Hardware-in-the-Loop Simulations for Distributed Localization without GPS

Autor: James Nance, Joseph Knuth, James Huang, Adam Rutkowski, Abhi Kesbhat, James Herring, David Brough
Rok vydání: 2021
Předmět:
Zdroj: Proceedings of the 34th International Technical Meeting of the Satellite Division of The Institute of Navigation (ION GNSS+ 2021).
ISSN: 2331-5954
Popis: Position, Navigation, and Timing (PNT) is a critical capability that has become indispensable to the United States military, government services, and the commercial sector. This paper presents a method for distributed localization in Inertial Navigation Systems (INS) without GPS. Traditional INS incur integration drift error over operationally relevant times scales, but this drift can be reduced by using a nonlinear filter to compute the joint state p(x|z) of all agents in the network subject to range measurements z between pairs of agents. The goal of this work is to increase the localization accuracy of each agent’s position, velocity, and orientation. To compute the joint state, which includes cross correlations between agents, agents share their inertial measurement unit (IMU) measurements and exchange range measurements at some specified frequency. Tracking the cross correlations between agents allows full utilization of the range measurements via a nonlinear filter, which allows flexibility regarding each agent’s sensor configuration and any additional sensor inputs.

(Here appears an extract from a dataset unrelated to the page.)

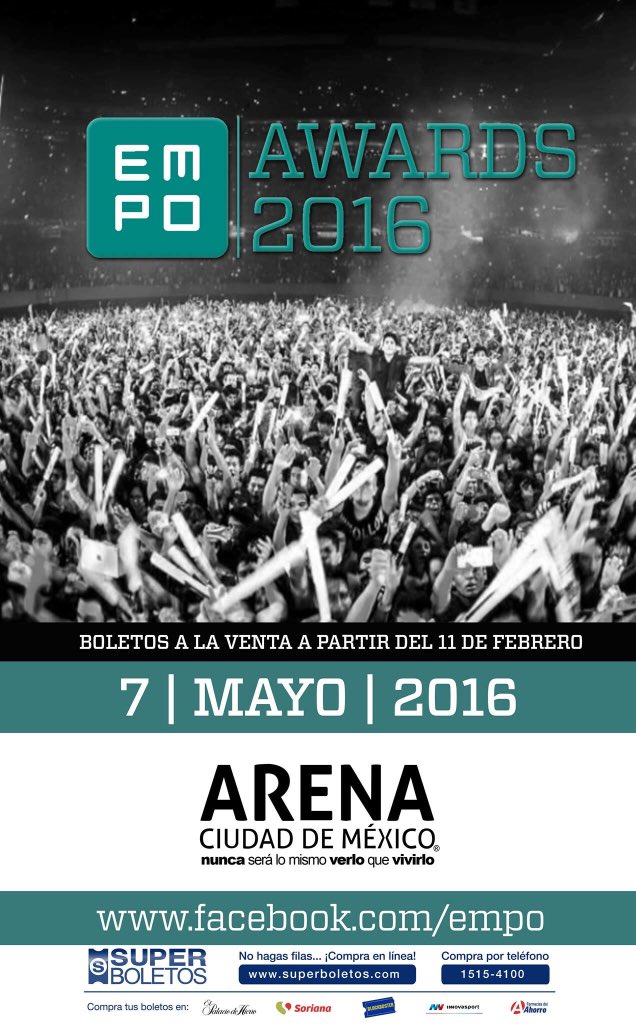 WorkaMusic's tweet photo. Los EMPO AWARDS 2016 serán este 7 de Mayo en la Arena Ciudad de México #empo #EMPOAwards2016 @EMPOTV https://t.co/3V32lbxc0A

In this paper we formulate this method, demonstrate its effectiveness with simulations that use hardware-in-the-loop (HWIL) IMU and range measurements, and investigate the effect of dropped IMU and range measurements on final localization accuracy. Our results show that errors incurred by dropped IMU measurements can be ameliorated by inflating the process noise covariance matrix, and that up to 90% of range messages can be dropped without degrading performance with respect to a baseline. Finally, we also present network communication analyses for IMU measurement broadcasts and range messages. The HWIL data used in these simulations was collected during field experiments conducted by Raytheon BBN Technologies.